* Task objective
Up to and including the final line, retype each line of the records below, starting with the one that contains "bacterial leaf spot".

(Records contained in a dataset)
+ + +
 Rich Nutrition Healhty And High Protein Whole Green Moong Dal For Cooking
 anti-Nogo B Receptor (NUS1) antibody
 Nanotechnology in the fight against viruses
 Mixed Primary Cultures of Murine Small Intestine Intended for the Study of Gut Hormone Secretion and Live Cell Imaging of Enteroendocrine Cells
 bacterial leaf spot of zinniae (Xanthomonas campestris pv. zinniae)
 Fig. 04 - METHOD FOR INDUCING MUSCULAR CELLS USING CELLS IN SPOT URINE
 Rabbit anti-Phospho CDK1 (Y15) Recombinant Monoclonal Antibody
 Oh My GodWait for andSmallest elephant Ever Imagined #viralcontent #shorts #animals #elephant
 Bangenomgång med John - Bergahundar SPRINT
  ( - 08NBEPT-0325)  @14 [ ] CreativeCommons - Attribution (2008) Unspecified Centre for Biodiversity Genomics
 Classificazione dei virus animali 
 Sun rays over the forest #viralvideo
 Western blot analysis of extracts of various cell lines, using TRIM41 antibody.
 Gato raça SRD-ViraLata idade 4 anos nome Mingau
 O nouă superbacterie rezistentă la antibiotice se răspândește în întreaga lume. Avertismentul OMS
+ + +
* Exercise output
 bacterial leaf spot of zinniae (Xanthomonas campestris pv. zinniae)
 Fig. 04 - METHOD FOR INDUCING MUSCULAR CELLS USING CELLS IN SPOT URINE
 Rabbit anti-Phospho CDK1 (Y15) Recombinant Monoclonal Antibody
 Oh My GodWait for andSmallest elephant Ever Imagined #viralcontent #shorts #animals #elephant
 Bangenomgång med John - Bergahundar SPRINT
  ( - 08NBEPT-0325)  @14 [ ] CreativeCommons - Attribution (2008) Unspecified Centre for Biodiversity Genomics
 Classificazione dei virus animali 
 Sun rays over the forest #viralvideo
 Western blot analysis of extracts of various cell lines, using TRIM41 antibody.
 Gato raça SRD-ViraLata idade 4 anos nome Mingau
 O nouă superbacterie rezistentă la antibiotice se răspândește în întreaga lume. Avertismentul OMS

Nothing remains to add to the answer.